**TASK TO COMPLETE:** Out of the data below, copy every line with the string "Restaurant".

**GIVEN RECORDS:**

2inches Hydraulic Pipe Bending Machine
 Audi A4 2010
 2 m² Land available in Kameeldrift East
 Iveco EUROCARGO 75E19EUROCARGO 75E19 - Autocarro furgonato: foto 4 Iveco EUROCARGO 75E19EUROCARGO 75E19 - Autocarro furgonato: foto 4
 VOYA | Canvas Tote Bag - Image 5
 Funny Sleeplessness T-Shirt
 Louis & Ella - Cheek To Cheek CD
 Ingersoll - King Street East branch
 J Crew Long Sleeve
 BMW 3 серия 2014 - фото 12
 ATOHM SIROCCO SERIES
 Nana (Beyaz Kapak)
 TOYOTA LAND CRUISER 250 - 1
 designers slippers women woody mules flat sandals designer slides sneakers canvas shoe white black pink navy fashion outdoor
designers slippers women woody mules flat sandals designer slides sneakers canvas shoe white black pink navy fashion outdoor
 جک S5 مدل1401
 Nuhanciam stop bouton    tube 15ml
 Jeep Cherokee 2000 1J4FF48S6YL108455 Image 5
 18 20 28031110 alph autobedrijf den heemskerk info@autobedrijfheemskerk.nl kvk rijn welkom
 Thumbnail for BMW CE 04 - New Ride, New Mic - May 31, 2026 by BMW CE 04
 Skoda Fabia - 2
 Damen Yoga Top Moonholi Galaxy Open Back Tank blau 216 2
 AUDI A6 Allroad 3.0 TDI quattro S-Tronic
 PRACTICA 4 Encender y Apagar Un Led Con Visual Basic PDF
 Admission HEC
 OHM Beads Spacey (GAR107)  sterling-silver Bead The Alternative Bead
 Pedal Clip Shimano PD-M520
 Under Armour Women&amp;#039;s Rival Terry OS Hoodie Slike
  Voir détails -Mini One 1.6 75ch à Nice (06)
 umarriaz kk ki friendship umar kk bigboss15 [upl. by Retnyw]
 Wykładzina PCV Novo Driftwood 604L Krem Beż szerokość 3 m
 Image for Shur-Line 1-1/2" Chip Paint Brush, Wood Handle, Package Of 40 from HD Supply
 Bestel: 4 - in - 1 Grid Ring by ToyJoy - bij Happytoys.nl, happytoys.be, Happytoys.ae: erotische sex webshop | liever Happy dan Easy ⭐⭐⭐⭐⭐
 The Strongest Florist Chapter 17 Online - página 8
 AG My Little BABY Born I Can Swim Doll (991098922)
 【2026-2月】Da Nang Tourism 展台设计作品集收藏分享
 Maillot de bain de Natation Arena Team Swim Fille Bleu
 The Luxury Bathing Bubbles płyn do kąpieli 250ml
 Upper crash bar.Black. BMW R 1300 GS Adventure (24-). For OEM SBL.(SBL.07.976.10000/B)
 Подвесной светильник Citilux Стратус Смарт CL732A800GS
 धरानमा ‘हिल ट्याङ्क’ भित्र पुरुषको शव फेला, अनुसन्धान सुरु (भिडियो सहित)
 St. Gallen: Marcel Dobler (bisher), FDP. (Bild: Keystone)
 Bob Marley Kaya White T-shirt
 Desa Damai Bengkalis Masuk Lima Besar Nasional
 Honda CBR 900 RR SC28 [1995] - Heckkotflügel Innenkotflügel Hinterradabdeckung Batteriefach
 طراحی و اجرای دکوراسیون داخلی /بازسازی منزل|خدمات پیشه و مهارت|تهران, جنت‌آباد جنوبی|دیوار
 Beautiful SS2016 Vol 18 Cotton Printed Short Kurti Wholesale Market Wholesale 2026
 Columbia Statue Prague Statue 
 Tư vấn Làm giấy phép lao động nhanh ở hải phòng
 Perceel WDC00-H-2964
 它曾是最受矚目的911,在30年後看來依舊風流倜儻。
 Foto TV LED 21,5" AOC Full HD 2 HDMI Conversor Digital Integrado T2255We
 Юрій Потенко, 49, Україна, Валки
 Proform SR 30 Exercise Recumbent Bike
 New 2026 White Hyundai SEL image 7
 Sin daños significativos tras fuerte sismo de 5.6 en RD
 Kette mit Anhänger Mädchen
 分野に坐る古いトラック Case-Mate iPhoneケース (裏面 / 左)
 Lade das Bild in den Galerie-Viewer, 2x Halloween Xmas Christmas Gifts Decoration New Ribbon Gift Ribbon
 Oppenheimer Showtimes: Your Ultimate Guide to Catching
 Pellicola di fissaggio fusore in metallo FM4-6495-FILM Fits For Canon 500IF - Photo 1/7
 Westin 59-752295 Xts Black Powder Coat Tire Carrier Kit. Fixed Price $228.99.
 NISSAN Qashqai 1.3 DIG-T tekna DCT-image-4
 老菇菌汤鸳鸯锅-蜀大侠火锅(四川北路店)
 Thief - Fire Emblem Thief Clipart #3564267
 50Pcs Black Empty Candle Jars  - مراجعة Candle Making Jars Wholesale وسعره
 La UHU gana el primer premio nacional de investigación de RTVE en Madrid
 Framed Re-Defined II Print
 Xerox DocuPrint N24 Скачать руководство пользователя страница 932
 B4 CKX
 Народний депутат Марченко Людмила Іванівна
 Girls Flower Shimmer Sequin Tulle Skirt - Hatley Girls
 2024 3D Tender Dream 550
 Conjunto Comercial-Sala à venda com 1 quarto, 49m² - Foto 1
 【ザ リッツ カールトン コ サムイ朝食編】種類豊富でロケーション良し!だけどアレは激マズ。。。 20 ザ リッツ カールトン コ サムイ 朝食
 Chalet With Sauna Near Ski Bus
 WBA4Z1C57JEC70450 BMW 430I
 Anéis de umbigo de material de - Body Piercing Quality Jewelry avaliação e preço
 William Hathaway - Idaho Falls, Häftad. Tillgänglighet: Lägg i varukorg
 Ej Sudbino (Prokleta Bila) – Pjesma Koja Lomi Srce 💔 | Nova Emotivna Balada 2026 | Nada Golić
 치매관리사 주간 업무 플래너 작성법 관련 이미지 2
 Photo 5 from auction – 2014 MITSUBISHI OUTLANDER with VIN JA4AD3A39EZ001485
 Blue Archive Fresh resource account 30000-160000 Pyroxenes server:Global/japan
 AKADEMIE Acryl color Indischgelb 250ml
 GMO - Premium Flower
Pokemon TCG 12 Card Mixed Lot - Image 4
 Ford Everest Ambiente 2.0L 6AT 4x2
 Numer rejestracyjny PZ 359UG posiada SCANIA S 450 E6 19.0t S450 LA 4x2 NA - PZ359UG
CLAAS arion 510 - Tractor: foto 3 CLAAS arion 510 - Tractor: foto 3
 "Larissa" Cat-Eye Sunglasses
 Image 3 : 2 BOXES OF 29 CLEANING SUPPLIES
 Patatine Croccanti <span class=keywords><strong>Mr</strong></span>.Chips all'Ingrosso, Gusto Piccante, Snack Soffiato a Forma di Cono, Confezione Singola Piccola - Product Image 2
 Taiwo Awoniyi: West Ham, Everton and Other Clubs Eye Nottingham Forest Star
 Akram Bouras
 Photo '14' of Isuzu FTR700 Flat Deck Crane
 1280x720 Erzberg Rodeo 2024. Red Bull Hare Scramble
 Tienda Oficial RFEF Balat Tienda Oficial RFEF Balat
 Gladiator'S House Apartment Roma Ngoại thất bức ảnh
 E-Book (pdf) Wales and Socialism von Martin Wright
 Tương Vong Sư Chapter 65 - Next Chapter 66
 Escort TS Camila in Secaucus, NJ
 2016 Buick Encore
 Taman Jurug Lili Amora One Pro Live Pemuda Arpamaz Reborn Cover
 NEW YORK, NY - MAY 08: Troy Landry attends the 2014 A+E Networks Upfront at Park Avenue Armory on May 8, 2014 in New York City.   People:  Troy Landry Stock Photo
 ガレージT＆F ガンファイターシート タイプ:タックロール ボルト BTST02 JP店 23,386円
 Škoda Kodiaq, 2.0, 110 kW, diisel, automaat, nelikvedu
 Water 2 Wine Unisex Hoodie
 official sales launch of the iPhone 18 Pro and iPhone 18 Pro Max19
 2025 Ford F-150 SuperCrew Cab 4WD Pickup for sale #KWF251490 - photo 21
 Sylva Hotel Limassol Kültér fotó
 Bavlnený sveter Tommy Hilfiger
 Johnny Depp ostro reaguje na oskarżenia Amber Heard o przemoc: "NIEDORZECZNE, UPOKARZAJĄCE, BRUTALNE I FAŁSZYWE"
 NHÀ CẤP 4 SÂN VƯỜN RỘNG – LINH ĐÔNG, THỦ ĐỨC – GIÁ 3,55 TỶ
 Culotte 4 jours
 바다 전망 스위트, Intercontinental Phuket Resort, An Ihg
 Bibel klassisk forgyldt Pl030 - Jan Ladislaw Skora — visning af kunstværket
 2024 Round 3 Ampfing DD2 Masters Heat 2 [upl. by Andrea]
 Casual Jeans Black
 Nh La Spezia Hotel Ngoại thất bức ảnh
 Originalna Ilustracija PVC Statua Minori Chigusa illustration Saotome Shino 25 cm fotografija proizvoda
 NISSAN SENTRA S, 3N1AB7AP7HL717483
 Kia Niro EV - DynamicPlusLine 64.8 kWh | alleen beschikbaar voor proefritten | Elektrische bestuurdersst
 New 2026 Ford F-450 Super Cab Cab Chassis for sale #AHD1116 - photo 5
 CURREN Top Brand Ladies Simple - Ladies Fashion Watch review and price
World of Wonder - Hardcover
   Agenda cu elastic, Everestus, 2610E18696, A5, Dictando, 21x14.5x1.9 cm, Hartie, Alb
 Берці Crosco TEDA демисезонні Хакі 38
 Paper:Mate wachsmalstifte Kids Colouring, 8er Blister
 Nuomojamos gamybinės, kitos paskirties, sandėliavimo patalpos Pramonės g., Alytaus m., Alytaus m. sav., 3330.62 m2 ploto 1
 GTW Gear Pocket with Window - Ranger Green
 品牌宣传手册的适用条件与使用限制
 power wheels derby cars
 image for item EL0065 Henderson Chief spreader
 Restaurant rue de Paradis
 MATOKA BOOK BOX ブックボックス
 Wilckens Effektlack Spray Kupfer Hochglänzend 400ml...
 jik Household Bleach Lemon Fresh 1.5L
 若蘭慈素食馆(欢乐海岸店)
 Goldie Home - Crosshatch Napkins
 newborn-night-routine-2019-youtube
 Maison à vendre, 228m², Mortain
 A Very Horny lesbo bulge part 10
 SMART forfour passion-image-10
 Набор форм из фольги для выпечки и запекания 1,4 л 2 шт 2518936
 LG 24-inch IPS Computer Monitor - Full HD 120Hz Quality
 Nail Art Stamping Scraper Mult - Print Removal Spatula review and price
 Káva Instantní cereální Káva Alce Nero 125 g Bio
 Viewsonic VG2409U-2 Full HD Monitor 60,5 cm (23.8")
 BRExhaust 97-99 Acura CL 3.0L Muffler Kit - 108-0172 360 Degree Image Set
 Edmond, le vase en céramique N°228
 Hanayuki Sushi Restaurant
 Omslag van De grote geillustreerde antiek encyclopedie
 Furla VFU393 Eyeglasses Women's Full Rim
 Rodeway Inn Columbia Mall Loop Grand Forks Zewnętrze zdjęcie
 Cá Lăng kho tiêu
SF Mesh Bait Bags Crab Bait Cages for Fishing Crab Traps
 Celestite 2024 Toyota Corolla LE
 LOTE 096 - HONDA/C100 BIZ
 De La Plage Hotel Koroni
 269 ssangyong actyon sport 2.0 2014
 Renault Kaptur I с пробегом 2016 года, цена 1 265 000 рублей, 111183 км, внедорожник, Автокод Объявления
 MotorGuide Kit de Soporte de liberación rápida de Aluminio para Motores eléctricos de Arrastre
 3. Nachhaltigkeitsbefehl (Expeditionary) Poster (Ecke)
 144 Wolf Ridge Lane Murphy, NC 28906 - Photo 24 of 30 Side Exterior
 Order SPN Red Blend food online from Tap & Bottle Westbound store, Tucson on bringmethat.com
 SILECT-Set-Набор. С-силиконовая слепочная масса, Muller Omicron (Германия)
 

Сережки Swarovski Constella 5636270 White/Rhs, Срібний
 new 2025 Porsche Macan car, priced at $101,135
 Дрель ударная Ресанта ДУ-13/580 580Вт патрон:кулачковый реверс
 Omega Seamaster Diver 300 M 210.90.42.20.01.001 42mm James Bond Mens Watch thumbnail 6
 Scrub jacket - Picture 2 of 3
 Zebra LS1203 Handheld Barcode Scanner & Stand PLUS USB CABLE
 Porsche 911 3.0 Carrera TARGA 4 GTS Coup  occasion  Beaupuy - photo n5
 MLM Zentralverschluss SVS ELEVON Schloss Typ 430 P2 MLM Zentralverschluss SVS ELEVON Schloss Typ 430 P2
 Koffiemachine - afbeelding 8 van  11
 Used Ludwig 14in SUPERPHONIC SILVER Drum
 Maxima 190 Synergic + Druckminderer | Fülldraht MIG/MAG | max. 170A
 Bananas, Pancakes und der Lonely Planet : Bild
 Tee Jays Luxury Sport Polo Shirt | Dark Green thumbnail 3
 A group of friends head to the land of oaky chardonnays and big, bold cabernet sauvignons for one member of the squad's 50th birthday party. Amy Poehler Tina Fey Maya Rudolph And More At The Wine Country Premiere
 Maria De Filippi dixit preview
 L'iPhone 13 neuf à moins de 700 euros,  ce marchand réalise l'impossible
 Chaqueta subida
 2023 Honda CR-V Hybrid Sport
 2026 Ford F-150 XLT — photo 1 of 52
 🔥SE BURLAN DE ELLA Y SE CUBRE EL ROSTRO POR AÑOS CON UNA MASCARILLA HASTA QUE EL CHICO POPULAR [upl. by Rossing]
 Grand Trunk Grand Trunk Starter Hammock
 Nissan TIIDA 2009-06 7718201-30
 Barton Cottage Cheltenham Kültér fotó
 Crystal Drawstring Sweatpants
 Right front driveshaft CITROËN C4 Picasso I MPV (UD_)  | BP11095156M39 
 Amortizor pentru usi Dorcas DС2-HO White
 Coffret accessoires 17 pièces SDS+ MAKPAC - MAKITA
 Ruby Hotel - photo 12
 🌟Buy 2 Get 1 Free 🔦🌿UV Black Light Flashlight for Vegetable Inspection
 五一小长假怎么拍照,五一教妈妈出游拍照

**WRITTEN SOLUTION:**
 Restaurant rue de Paradis
 Hanayuki Sushi Restaurant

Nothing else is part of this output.